Failure to pay this transfer tax is matter for affirmative defense (Bean v. Flint, 204 N. Y. 153,164), and defendant having sufficiently pleaded it, is entitled to prevail. Even though there be no intent to violate the law, where the seller through ignorance of the law or mere inadvertence omits to pay the tax and comply with the statute, such failure precludes the right to a recovery in court, for proof of the transfer may not then be received in evidence under our statute. (Sheridan v. Tucker, 145 App. Div. 145.)

“ The object of all these tax provisions is to get money for the State” (Luitwieler v. Luitwieler P. E. Co., 231 N. Y. 494, 498), and for the better enforcement of the statute it is clearly commanded that the tax be paid and the stamps affixed and canceled at the time of the transfer. In this way only is the State adequately protected. The seller’s duty was to pay the tax; not only to procure and affix the stamps, but to cancel them as well.
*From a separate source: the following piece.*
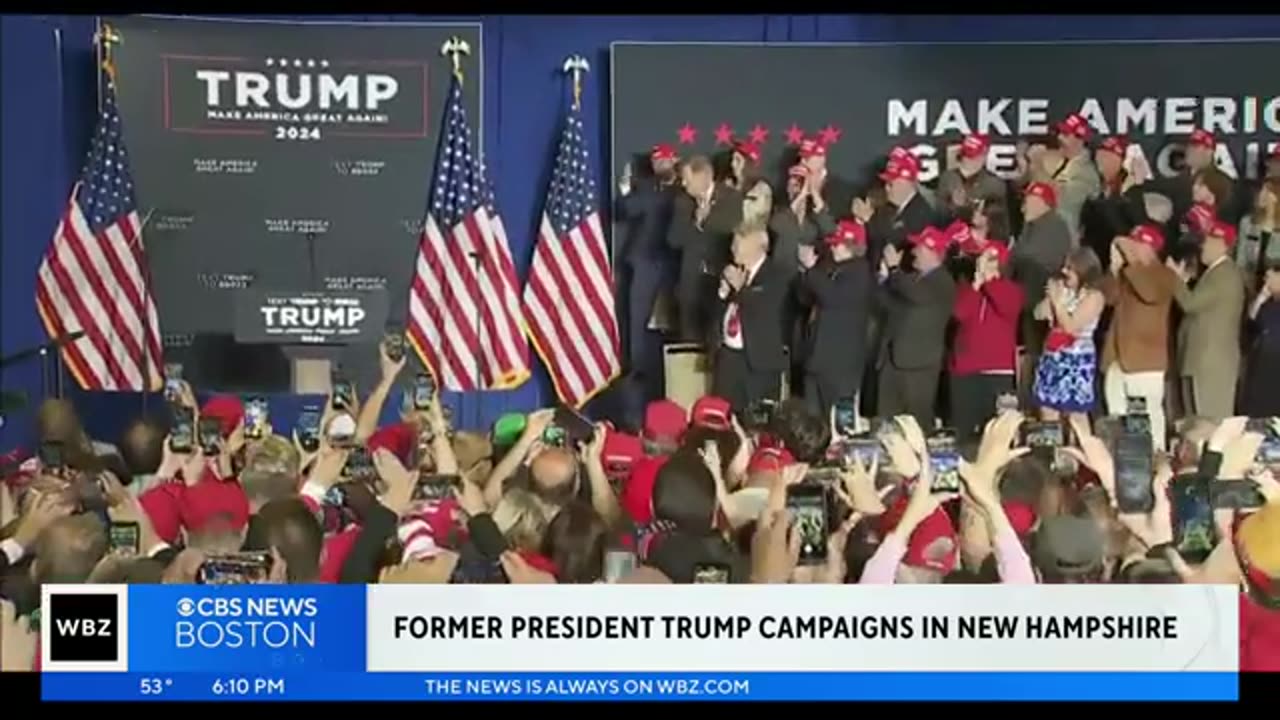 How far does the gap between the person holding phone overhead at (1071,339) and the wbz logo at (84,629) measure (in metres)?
1.22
Even if it be that plaintiff acted entirely in good faith in the transaction and was misled by defendant, nevertheless to sanction recovery would be to deny effect to the scheme and spirit of the taxing statute.

The determination of the Appellate Term so far as appealed from should be affirmed, with costs.

Finch, P. J., Martin and Townley, JJ., concur; Merrell, J., dissents and votes for reversal.